Chinook sells music to customers in 24 different countries, 15 of which only have a single customer.

## 2. Sales by Employee

Now I will examine how successful each sales agent at Chinook is.

In [7]:
%%sql
WITH
    customer_total AS
    (
     SELECT
        c.*,
        SUM(i.total) total
       FROM customer c
     INNER JOIN invoice i ON i.customer_id = c.customer_id
     GROUP BY 1
    )

SELECT
    e.first_name || " " || e.last_name employee_name,
    e.hire_date,
    ROUND(SUM(ct.total), 2) employee_total
  FROM employee e
 INNER JOIN customer_total ct ON ct.support_rep_id = e.employee_id
 GROUP BY 1 ORDER BY 3 DESC

 * sqlite:///chinook.db
Done.


employee_name,hire_date,employee_total
Jane Peacock,2017-04-01 00:00:00,1731.51
Margaret Park,2017-05-03 00:00:00,1584.0
Steve Johnson,2017-10-17 00:00:00,1393.92


The longer the tenure at the company, the more sales revenue the employee has generated for the company. Therefore, it is difficult to measure how well each sales agent is performing on a day to day basis.

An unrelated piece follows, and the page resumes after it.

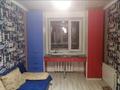 3-бөлмелі пәтер · 90 м² · 9/9 қабат, Бокенбай батыра, бағасы: 21 млн ₸ в Актобе — фото 12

## 3. Albums vs Individual Tracks

Next, I will whether customer purchase most of their music tracks individually or as part of an album.

In [8]:
%%sql
WITH
    invoice_first_track AS
    (
     SELECT
         il.invoice_id invoice_id,
         MIN(il.track_id) first_track_id
     FROM invoice_line il
     GROUP BY 1
    ),
    
    album_yes AS
    (
    SELECT
        ifs.*,
        CASE
            WHEN
                 (
                  SELECT t.track_id FROM track t
                  WHERE t.album_id = (
                                      SELECT t2.album_id FROM track t2
                                      WHERE t2.track_id = ifs.first_track_id
                                     ) 

                  EXCEPT 

                  SELECT il2.track_id FROM invoice_line il2
                  WHERE il2.invoice_id = ifs.invoice_id
                 ) IS NULL
             AND
                 (
                  SELECT il2.track_id FROM invoice_line il2
                  WHERE il2.invoice_id = ifs.invoice_id

                  EXCEPT 

                  SELECT t.track_id FROM track t
                  WHERE t.album_id = (
                                      SELECT t2.album_id FROM track t2
                                      WHERE t2.track_id = ifs.first_track_id
                                     ) 
                 ) IS NULL
             THEN "yes"
             ELSE "no"
         END album_purchase
        FROM invoice_first_track ifs
    )
    

SELECT
    album_purchase,
    COUNT(invoice_id) num_of_invoices,
    ROUND(CAST(count(invoice_id) AS FLOAT)
    / (SELECT COUNT(*) FROM invoice) * 100, 1)
    percent_total
 FROM album_yes
GROUP BY 1;

 * sqlite:///chinook.db
Done.


album_purchase,num_of_invoices,percent_total
no,500,81.4
yes,114,18.6


It appears as though a fifth of the music at Chinook is sold as part of an album, whereas four-fifths of the music is sold individually.